TASK INSTRUCTIONS — Return the material below exactly, but only from the line with "Man Playing Video" through the line with "Sleek Curve Pear Vanki Diamond Ring", and without its pictures.

DATASET CONTENT —

====

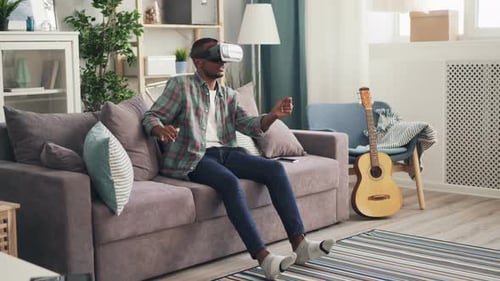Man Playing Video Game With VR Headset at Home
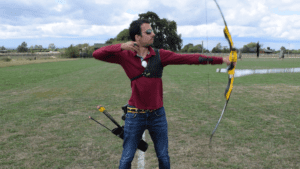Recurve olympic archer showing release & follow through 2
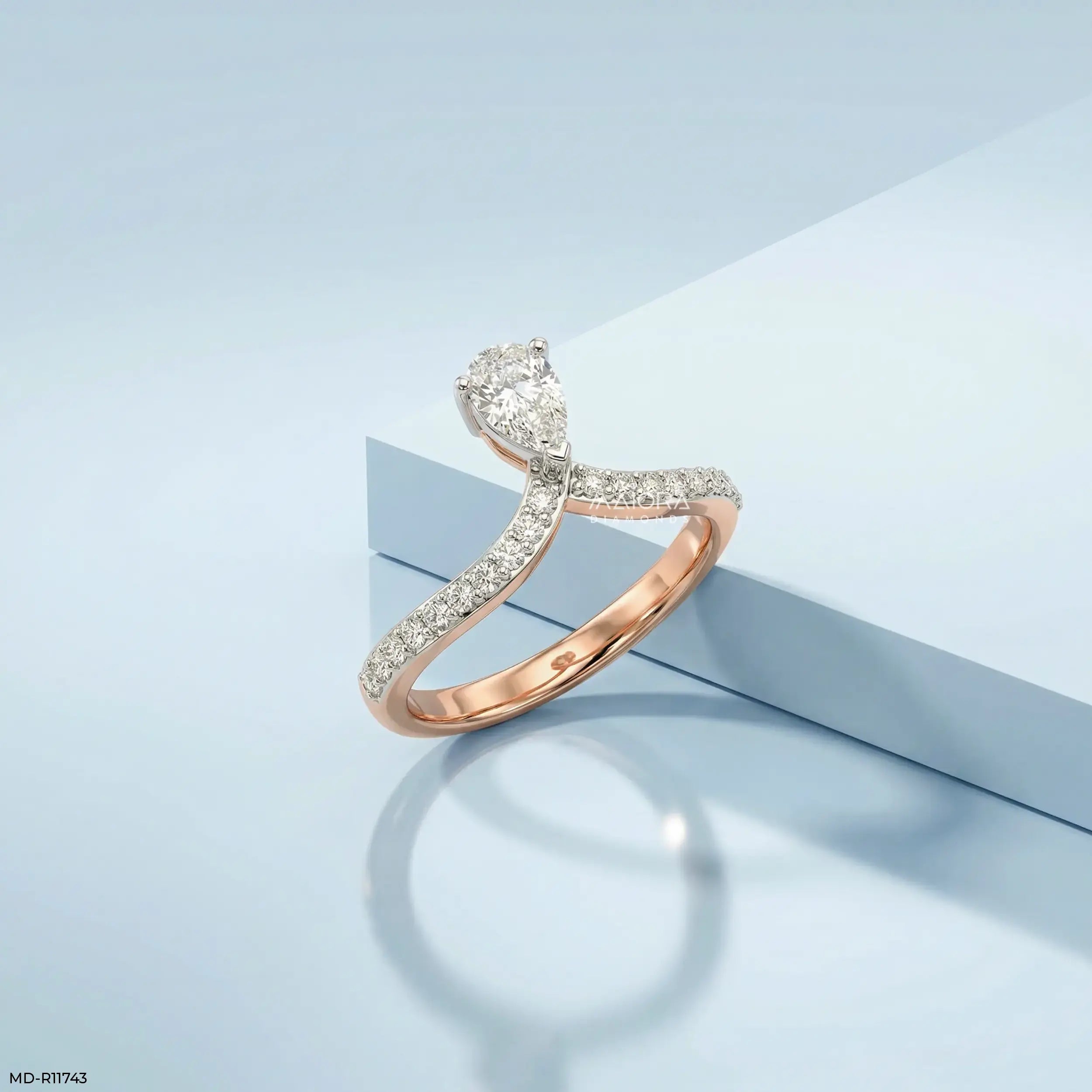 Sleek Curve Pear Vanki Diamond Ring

====

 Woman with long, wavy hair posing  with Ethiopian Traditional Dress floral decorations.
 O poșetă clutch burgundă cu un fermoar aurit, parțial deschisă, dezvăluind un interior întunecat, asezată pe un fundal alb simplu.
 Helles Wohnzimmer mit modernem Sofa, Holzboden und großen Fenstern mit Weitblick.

====

TASK ANSWER —
Man Playing Video Game With VR Headset at Home
Recurve olympic archer showing release & follow through 2
 Sleek Curve Pear Vanki Diamond Ring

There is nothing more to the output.